Erstens: Wir lehnen die reflexhafte Forderung nach Verschärfung der Sicherheitsgesetze ab. Wir müssen uns endlich von der Lebenslüge einer verfehlten Sicherheitspolitik verabschieden. Mehr Überwachung schafft nicht mehr Sicherheit. Wer meint, die Freiheit auf dem Altar einer trügerischen Sicherheit opfern zu müssen, verliert beides, nämlich die Freiheit und die Sicherheit. Und es sind jetzt schon wieder Stimmen zu hören, die sogar die rechtswidrige flächendeckende Überwachung durch die NSA mit diesen Anschlägen rechtfertigen. Wir plädieren dafür, die Lage mit einem nüchternen Kopf zu analysieren und damit umzugehen. Ein Defizit der Sicherheitspolitik liegt seit Jahren, das wissen wir alle, in der mangelhaften Ausstattung der Polizei. Deshalb, wer wirklich mehr Sicherheit will, muss zwingend eine andere, bessere materielle Ausstattung der Polizei durchsetzen. Es wäre ein hervorragendes Zeichen, wenn Bund und Länder gemeinsam einen Personalabbaustopp für die Polizei verhängen würden.

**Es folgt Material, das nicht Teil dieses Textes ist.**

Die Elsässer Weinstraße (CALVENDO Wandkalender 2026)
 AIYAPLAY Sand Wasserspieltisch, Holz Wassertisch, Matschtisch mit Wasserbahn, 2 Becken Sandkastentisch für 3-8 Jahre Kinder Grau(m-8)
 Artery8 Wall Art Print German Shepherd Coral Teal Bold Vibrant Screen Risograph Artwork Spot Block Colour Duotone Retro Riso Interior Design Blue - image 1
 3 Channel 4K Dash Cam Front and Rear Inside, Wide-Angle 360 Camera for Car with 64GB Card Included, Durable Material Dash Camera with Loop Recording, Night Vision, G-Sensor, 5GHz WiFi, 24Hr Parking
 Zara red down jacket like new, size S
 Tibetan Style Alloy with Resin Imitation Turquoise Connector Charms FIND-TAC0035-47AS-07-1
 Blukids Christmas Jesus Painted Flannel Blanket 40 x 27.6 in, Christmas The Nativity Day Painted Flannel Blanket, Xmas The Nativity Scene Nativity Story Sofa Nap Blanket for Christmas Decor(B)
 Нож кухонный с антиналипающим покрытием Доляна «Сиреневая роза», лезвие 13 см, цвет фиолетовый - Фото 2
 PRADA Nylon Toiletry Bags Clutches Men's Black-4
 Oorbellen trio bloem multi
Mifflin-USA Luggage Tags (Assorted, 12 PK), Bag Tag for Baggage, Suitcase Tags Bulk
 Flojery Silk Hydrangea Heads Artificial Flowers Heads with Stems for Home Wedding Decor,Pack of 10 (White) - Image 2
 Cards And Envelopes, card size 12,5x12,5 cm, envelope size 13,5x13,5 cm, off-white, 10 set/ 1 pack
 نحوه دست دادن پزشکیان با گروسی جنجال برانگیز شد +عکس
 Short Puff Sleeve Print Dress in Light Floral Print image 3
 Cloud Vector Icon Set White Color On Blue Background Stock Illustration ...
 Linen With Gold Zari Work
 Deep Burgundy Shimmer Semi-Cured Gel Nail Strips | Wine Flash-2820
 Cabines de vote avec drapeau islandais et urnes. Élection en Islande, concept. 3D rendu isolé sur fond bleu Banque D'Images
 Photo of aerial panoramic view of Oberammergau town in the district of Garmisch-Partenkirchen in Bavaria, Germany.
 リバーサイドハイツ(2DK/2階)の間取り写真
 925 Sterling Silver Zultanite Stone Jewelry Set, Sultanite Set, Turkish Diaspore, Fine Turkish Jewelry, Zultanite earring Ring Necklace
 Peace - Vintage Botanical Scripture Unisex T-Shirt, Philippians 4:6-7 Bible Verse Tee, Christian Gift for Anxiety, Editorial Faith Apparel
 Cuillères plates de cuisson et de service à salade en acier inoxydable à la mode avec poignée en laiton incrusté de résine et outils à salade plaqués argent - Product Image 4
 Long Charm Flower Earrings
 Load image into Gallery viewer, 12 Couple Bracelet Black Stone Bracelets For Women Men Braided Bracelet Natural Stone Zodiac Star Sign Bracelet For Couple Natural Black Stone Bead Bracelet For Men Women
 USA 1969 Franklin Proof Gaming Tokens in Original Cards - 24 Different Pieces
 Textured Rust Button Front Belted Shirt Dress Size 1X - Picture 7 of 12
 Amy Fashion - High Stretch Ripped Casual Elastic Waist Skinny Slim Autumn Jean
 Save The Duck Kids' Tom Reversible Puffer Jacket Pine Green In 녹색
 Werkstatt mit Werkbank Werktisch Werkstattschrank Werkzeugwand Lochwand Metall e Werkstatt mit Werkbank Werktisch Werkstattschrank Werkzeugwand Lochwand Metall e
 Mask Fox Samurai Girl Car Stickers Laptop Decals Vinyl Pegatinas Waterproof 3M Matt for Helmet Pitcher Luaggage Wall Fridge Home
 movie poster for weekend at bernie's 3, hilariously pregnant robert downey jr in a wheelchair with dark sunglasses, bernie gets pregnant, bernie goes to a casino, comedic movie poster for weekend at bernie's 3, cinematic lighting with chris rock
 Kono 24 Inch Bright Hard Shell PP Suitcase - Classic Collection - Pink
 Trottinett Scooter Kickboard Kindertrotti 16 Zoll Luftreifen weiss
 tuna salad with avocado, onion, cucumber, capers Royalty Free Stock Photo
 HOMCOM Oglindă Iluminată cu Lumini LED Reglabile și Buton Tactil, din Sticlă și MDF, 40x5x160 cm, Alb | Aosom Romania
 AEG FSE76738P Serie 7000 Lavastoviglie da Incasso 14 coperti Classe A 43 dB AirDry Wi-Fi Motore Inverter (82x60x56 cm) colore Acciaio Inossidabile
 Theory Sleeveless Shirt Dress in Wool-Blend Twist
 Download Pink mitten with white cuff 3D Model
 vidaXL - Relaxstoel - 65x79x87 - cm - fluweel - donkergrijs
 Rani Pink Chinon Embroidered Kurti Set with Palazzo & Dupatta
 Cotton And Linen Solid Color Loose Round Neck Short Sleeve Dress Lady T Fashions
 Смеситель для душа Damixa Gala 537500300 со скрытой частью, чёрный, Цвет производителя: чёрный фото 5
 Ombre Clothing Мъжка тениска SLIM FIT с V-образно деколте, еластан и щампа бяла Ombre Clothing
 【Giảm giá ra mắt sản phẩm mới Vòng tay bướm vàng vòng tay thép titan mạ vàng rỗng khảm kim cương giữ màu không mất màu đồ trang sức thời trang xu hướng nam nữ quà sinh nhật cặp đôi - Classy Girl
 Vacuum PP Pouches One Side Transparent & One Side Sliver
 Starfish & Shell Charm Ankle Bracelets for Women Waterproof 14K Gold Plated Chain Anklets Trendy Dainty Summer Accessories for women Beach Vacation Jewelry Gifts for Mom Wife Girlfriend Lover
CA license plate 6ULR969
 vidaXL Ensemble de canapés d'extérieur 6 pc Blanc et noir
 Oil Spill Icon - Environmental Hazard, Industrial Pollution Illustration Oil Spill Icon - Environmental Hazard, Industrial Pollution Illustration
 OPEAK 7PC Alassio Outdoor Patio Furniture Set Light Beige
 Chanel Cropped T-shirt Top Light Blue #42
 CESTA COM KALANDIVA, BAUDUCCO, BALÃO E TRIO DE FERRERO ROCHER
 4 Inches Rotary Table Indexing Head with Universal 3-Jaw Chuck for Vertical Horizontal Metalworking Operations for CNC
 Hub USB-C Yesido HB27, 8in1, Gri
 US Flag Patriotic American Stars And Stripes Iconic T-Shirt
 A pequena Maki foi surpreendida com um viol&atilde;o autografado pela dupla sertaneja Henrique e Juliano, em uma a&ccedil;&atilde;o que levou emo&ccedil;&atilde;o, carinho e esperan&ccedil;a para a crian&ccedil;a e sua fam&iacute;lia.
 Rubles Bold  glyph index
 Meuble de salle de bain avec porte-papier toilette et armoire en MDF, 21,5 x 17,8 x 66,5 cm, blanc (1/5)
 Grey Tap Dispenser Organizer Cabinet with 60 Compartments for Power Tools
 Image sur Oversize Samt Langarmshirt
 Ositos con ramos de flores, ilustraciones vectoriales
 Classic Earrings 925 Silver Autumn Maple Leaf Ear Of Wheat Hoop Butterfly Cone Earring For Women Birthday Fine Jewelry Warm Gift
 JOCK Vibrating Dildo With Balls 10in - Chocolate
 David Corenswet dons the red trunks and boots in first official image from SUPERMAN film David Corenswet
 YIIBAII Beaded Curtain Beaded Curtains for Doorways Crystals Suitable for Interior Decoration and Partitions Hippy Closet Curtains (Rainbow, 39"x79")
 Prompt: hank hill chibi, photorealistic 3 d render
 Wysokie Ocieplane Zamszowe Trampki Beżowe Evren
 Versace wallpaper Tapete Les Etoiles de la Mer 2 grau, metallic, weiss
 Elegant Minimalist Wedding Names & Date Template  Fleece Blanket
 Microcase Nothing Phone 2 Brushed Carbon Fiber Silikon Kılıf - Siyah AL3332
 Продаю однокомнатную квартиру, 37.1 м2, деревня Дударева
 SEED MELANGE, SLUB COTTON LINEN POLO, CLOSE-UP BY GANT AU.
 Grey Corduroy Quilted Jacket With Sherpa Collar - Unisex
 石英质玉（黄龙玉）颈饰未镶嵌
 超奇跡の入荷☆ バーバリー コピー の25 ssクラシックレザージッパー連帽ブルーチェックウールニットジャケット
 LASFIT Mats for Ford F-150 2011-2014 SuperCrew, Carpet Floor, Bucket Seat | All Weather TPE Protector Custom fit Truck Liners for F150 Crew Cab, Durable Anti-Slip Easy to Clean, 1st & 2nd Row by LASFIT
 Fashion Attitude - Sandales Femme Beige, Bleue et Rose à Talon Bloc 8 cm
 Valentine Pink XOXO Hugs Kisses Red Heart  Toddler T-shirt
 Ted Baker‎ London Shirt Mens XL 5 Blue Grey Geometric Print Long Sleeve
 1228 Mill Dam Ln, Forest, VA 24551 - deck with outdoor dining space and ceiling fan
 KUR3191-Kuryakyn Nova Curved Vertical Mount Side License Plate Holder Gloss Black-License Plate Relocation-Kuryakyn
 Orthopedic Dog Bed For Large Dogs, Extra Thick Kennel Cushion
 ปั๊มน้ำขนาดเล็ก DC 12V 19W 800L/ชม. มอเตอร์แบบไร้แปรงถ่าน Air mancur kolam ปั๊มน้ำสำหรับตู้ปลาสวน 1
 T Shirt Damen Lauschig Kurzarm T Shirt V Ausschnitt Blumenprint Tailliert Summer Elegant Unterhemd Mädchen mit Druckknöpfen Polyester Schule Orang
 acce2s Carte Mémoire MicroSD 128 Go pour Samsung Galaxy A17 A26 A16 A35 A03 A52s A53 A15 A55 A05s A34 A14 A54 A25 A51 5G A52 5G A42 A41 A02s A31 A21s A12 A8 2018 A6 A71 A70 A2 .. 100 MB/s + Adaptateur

Zweitens: Wir sind besorgt, wie von rechter Seite - sowohl von der CSU und der AfD als auch von Pegida und natürlich der NPD - versucht wird, diese Anschläge zum weiteren Anheizen einer Debatte zu nutzen, die sich nicht gegen Gewalt und Terrorismus richtet, sondern gegen Millionen Muslime, die in unserem Land leben und friedlich leben wollen. Die extremen Terroristen wollen erreichen, dass sich die Muslime in Europa und in Amerika vom Westen distanzieren. Wer sich von den Muslimen distanziert und sie zu Feinden erklärt, betreibt objektiv das Geschäft dieser Kräfte. Es nützt nicht der Integration, sondern im Gegenteil, man arbeitet auf diesem Weg geradezu dem Islamischen Staat zu. Diesen Vorwurf müssen sich CSU, AfD, Pegida und andere gefallen lassen. Wir werden in dieser Auseinandersetzung stets auf der Seite der religiösen Toleranz und des Dialogs stehen. Wir werden als Vorsitzende der LINKEN, Katja Kipping und ich zusammen mit Gregor Gysi, an der vom Zentralrat der Muslime und der Türkischen Gemeinde organisierten Mahnwache hier in Berlin teilnehmen und zeigen, dass es an dieser Stelle kein Wackeln der demokratischen Kräfte geben darf.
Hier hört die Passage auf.